3.8.15

Darbe :: Kahraman Müsteşar Paralellere Karşı



Bu yılın başlarında gösterime girip, Türk sinemasında, mevcut hükümete ve sağlam iradeli liderine kurulan komploları faş etme, bu arada haşmetmeabı aklama-paklama, yıkama-yağlama dalında bir ilki gerçekleştiren; bu başarısıyla da IMDb'nin 'Tüm zamanların en berbat filmler listesi'nin zirvesine yerleşerek hepimizi gururlandıran Kod Adı K.O.Z.'u hatırladınız mı?.

Bunca çabasına karşın, ne o lidere, ne o lidere aşık milyonlara, ne de 'normal' sinema seyircisine yaranabilen, dolayısıyla da gişede çakılarak, Ali Kundilli'nin bile epey altında kalan o filmi unutmak, 'aynı yolun yolcusu' ama daha iddialı yeni bir filmsel operasyonla ortaya çıkıp piyasayı karıştırmak şart olmuştu ki Darbe yetişti.. çok şükür!.

Tabii bu arada -fiilen pek öyle görünmese de- seçimle iktidardan düşmüş hükümetin ve her geçen gün prestijinden kaybeden Başkan efendinin böylesine bir morale ihtiyacı gerçekten büyüktü.. valla bu çok iyi oldu bak!.

Yapımda, yayında ve dağıtımda emeği geçen herkese ne kadar teşekkür edilse azdır..
Elbette, sadece kuru bir teşekkürle de kalınmamalı; ilgili arkadaşlar, daha nice darbeli ya da darbesiz operasyonlar için 'maddi-manevi'  desteklenmelidir..
Laylaylaylaylaaaay ooooo Türkiye!.



Müsteşar Buraya Yumruk Havaya

İster istemez karşılaştırmak zorunda hissettiğim Kod Adı K.O.Z.'la 'mesele'si aynı olan, sütten çıkmış ak kaşıkların paralellerle olan mücadelesini vurgulamayı da sürdüren Darbe'nin en önemli farkı, MİT müsteşarını -tamamen- ön cepheye sürmesidir..

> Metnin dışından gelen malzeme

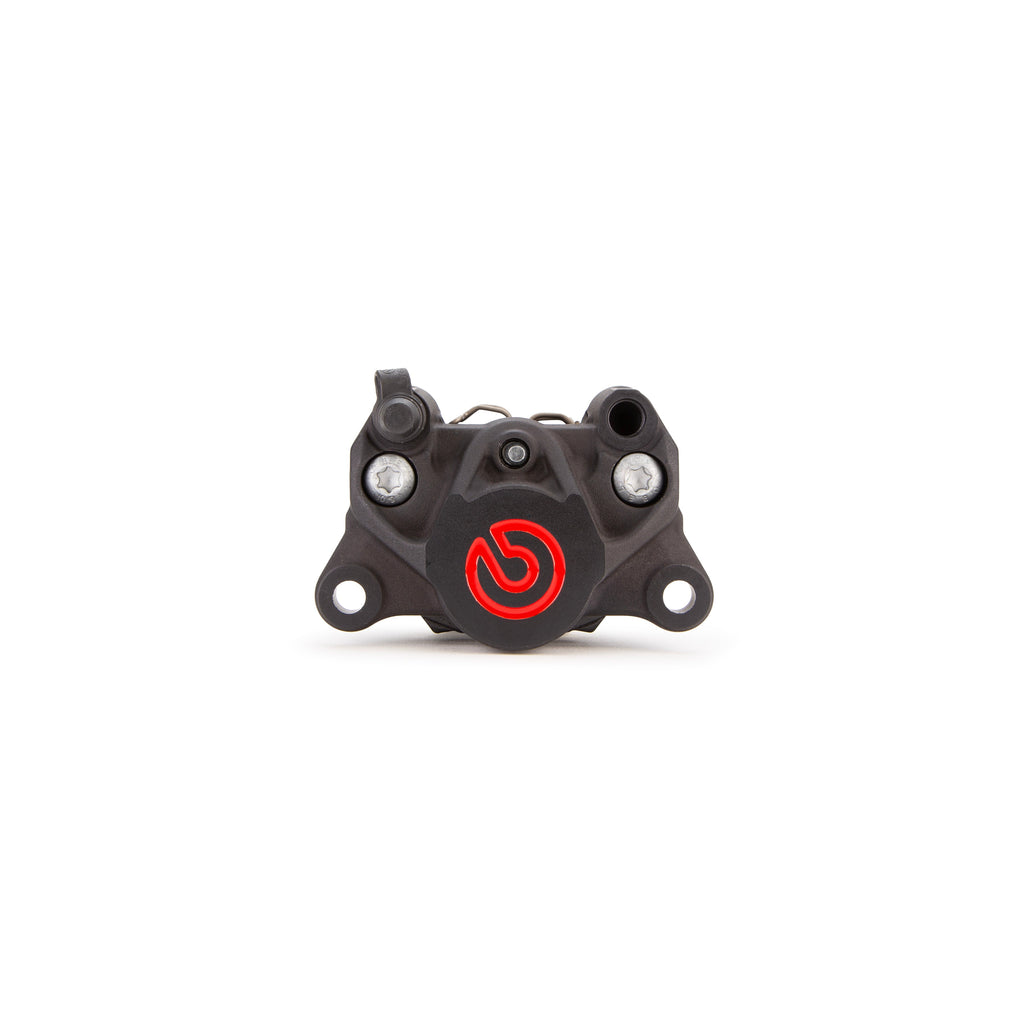 Brembo P2 34mm rear caliper, Black with red logo, left bleeder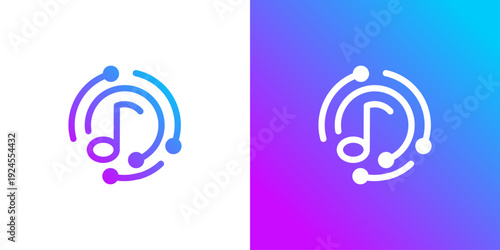 Dual meaning logo combining music and technology elements, symbolizing digital sound innovation, creative audio solutions, connectivity, and modern entertainment platforms.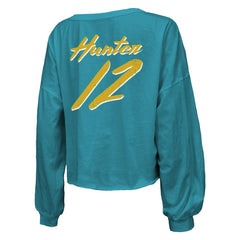 Jacksonville Jaguars  Travis Hunter  Majestic Threads Women's Name & Number Off-Shoulder Script Cropped Long Sleeve Relaxed V-Neck T-Shirt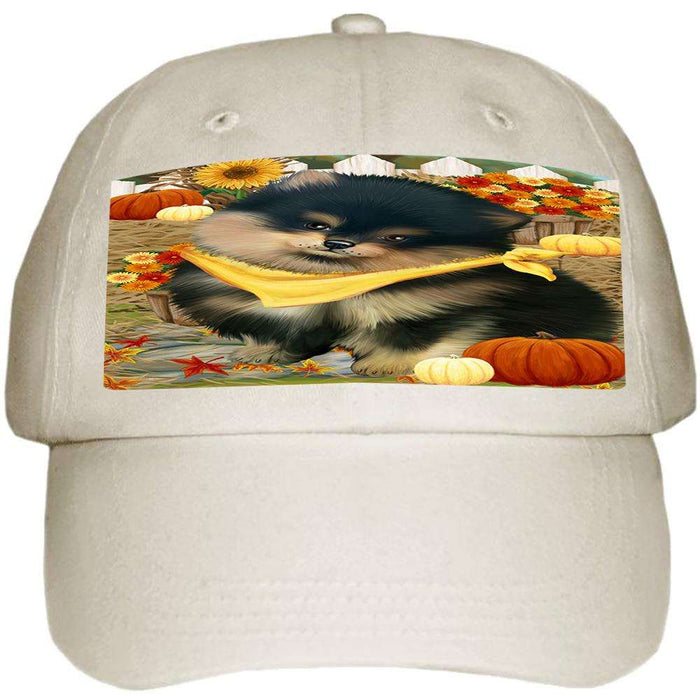 Fall Autumn Greeting Pomeranian Dog with Pumpkins Ball Hat Cap HAT56223
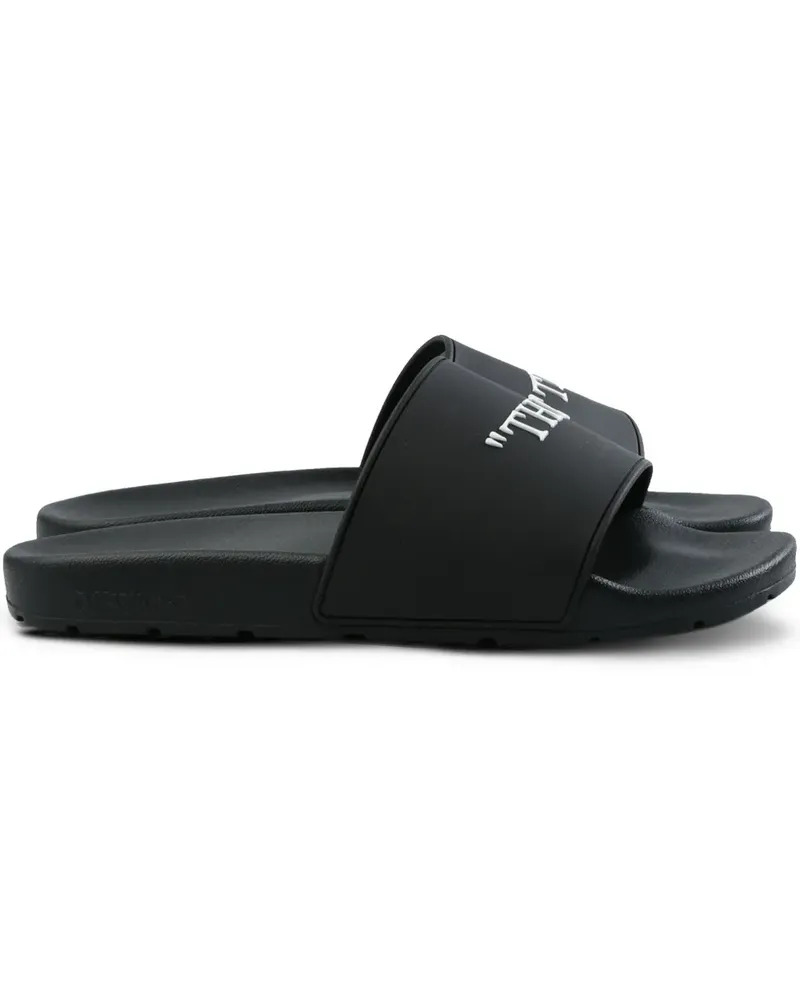 OFF-WHITE text-embellished slides - Schwarz Schwarz
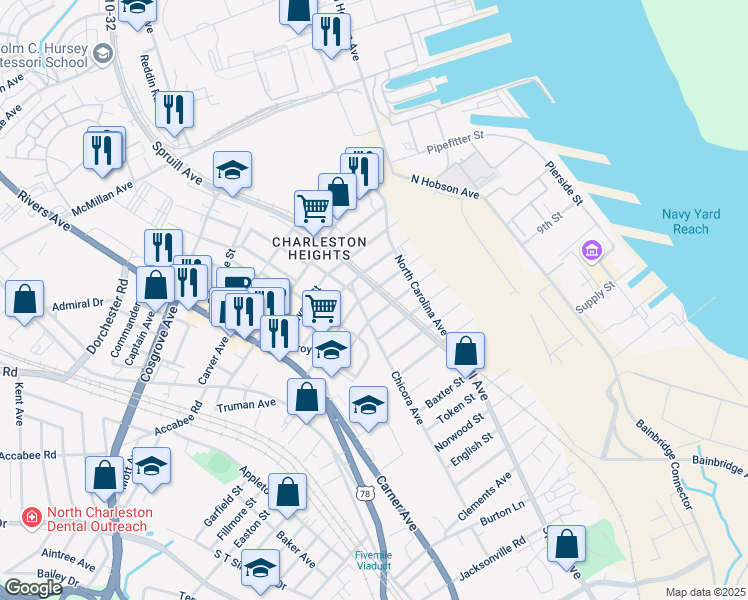 map of restaurants, bars, coffee shops, grocery stores, and more near 1826 Success Street in North Charleston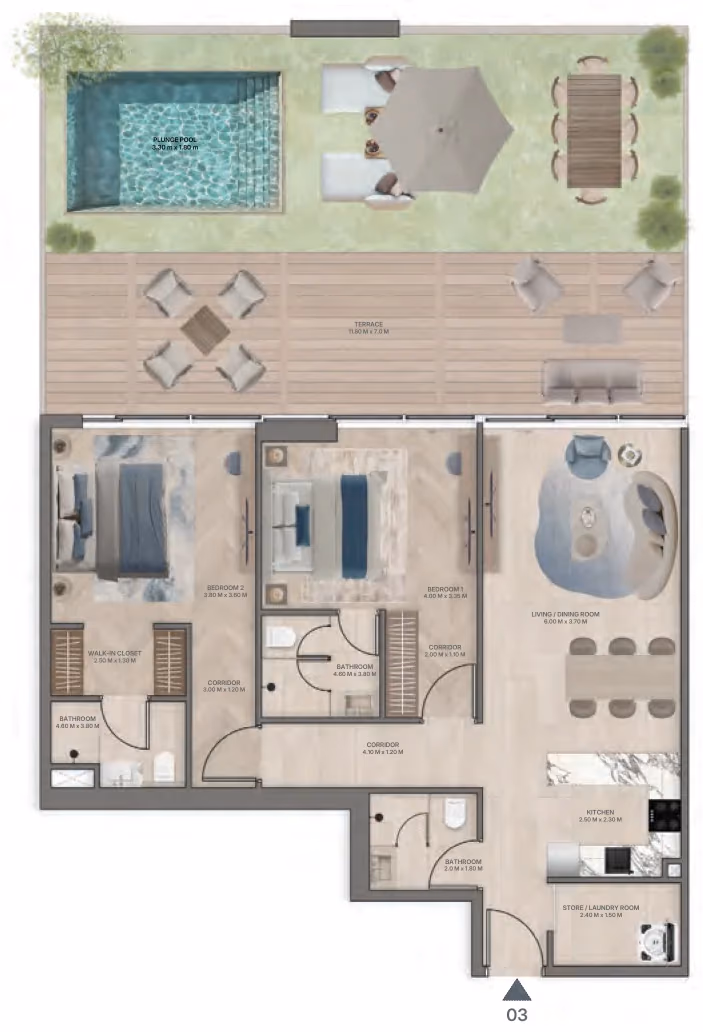 תוכנית 2 חדרי שינה · Type B1 ב־נדל"ן להשקעה Meriden Beach Residences, באזור Dubai Islands, דובאי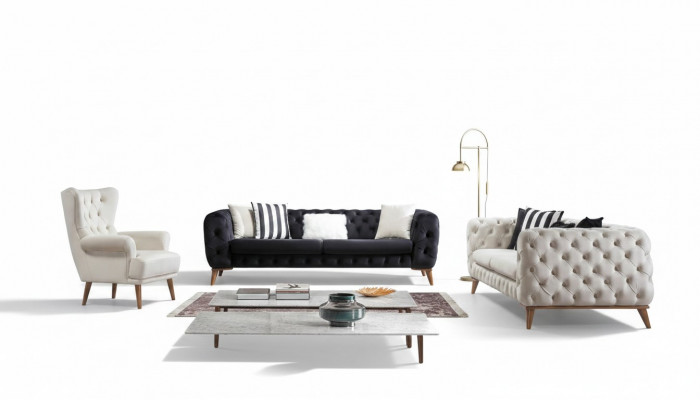 Canapé 3 Sëtzer Schwaarz Luxus Miwwelen Chesterfield Schlofcanapé Bett 3er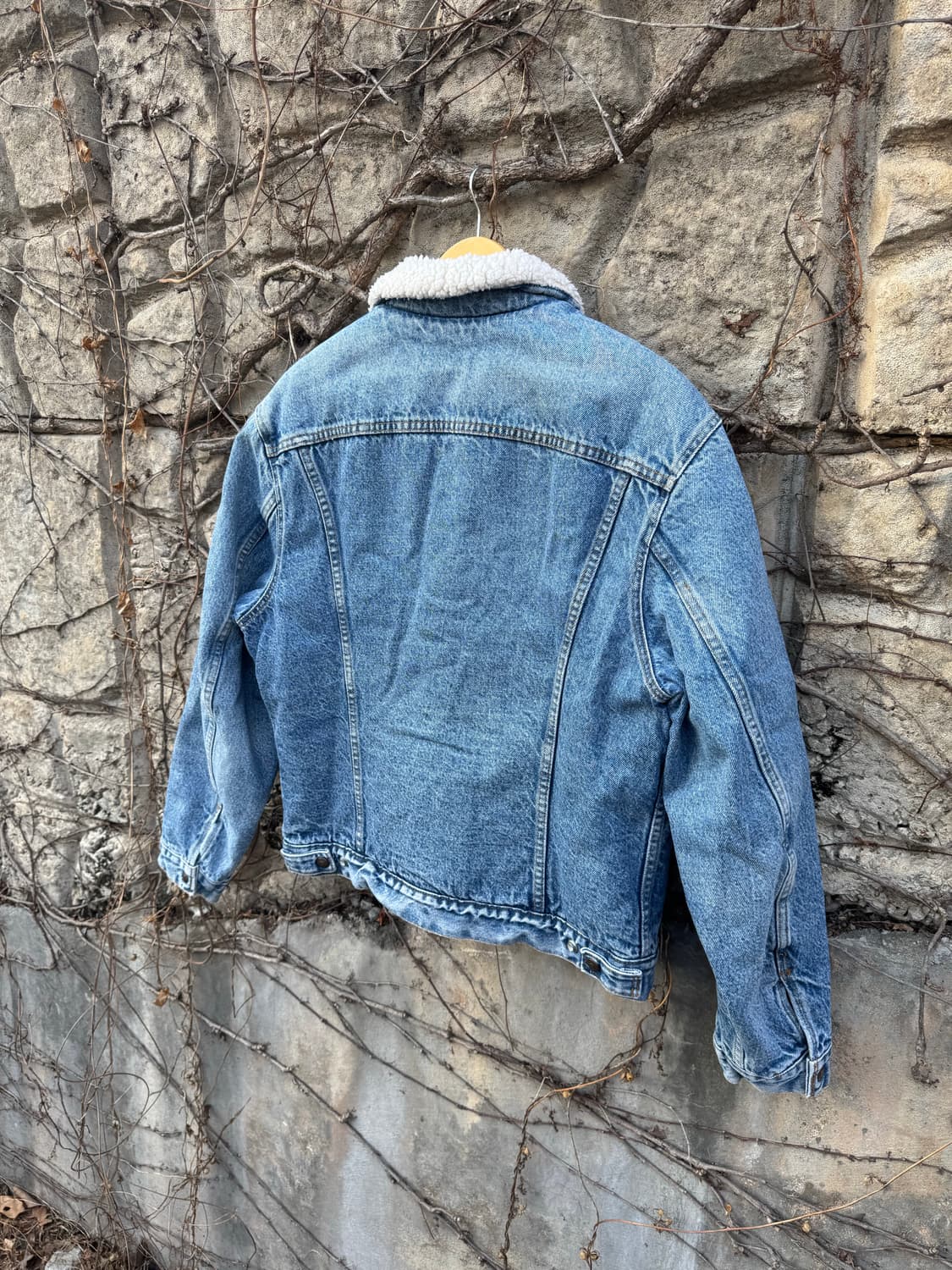 80~90s 리바이스 빈티지 레드탭 긴 기장 쉐르파 데님 트러커 자켓 상품이미지4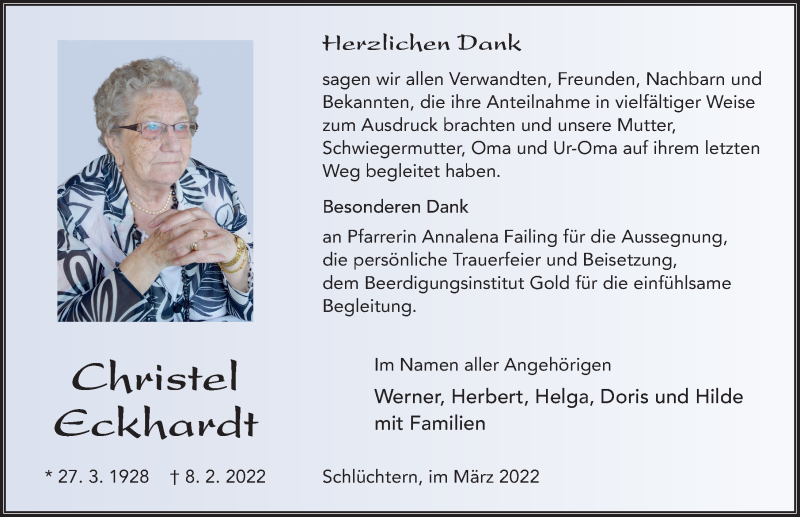  Traueranzeige für Christel Eckhardt vom 26.03.2022 aus FZ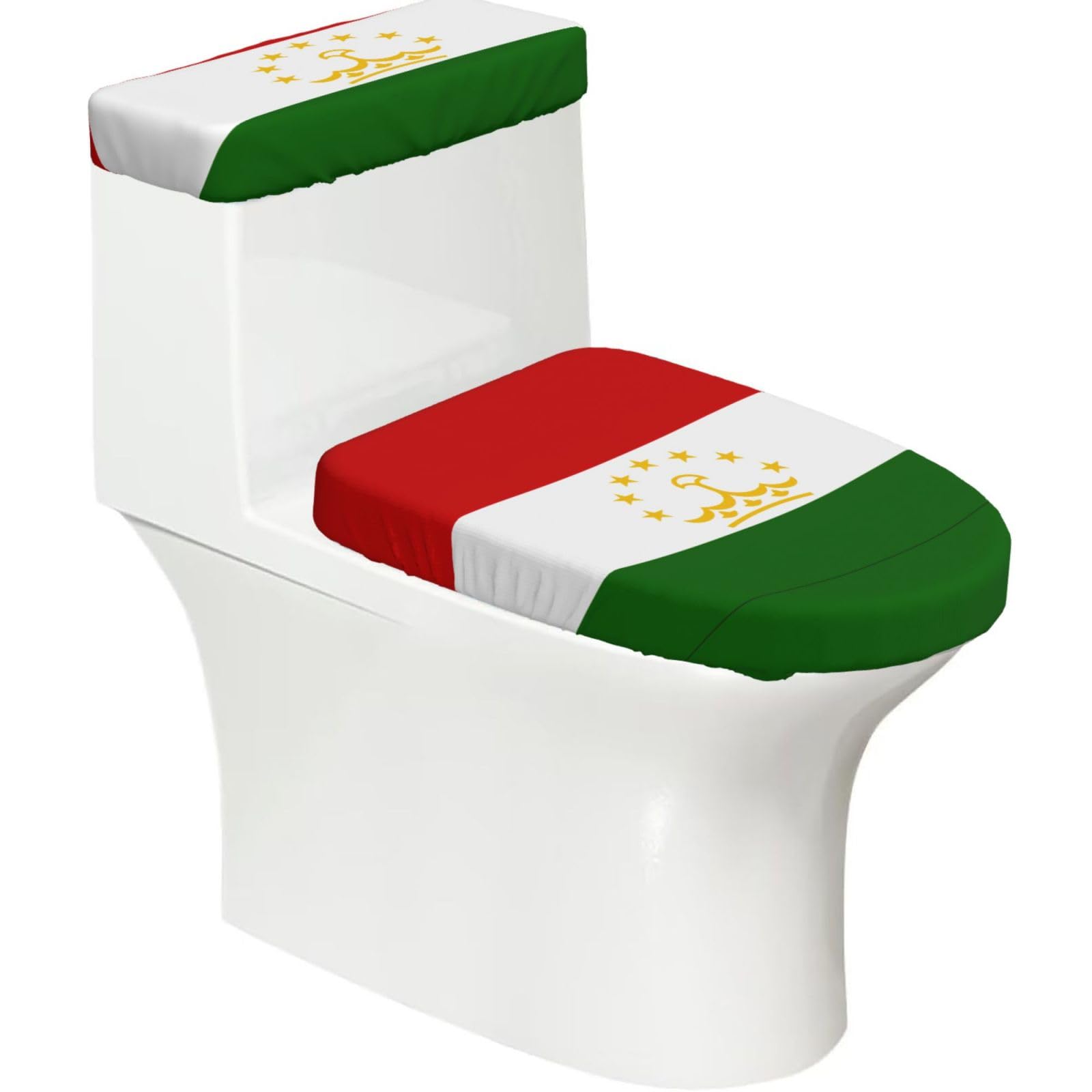 Flag Of Tajikistan Print Bathroom Decor Toilet Lid Cover And Tank Covers, Restroom Accessories Fits Most Round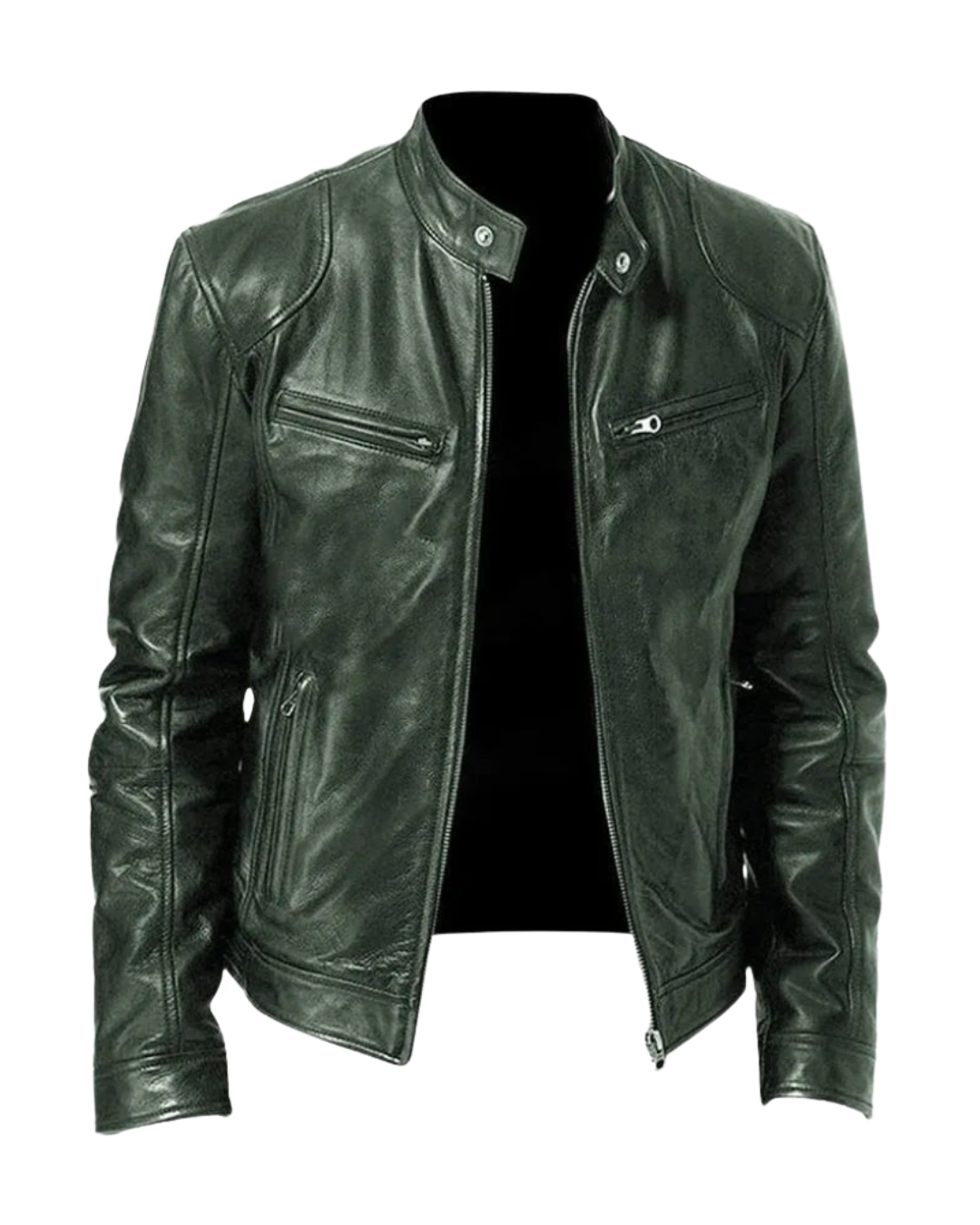 Stijlvolle slim fit heren racer jas, zwart met scherp design en moderne ritsdetails. Perfecte bovenkleding.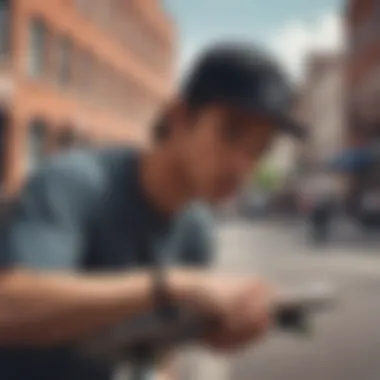 Skateboarder wearing the Brixton Oath Snapback in an urban setting, highlighting its practical use and style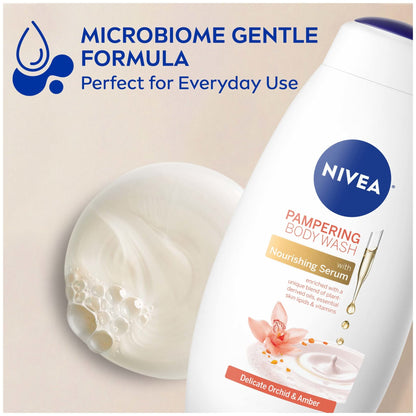NIVEA body wash with cocoa and shea butter, enriched with provitamin B5 and vitamin E, 20 fl oz bottle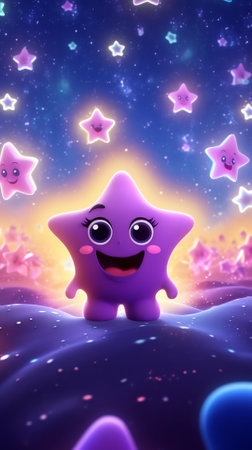 Generative AI : stars in the cartoon universeの素材
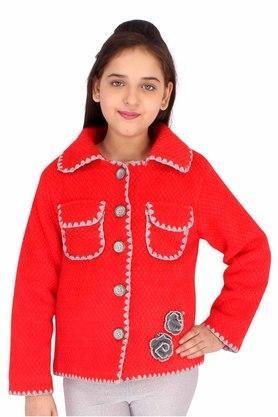 solid tweed collar neck girls jacket - red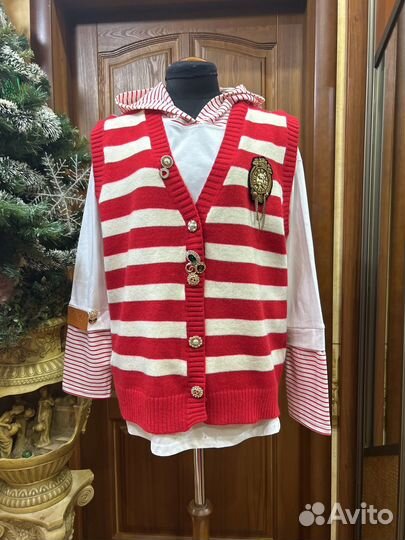 Хлопковое худи и жилетка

K.O.Z.'un en önemli kozu olan malum kişi artık pek ortalığa çıkmamakta, adeta bir peygamber (Sümme haşa!) rütbesine yükseltilmiş olarak, kendisinin sadece o mübarek sesleri biz ölümlülere duyurulmaktadır..
Sanırım böylece, o nur yüzlüye -beyaz perdeden de olsa- doğrudan bakma teşebbüsünde bulunacak gafil gözlerin hemen o anda kör olma ihtimalinin önüne geçilmiş olmalı..

Yok.. bu nur yüzlü o değil, onu görmüyoruz dedim ya!

Bir Fidan Büyüyor

Sayın 'Müsteşar' Fidan'ın (Cansel Elçin) nasıl da şahane bir insan olduğunu; içinin güzelliği dışına vurmuş, iyilik, cesaret, adalet, feragat ve belagat timsali bir yiğit kişi olduğunu bize anlatan -anlatmak ne kelime, adeta kafamıza çakan- 'görkemli' açılış sekansıyla filmimiz başlar..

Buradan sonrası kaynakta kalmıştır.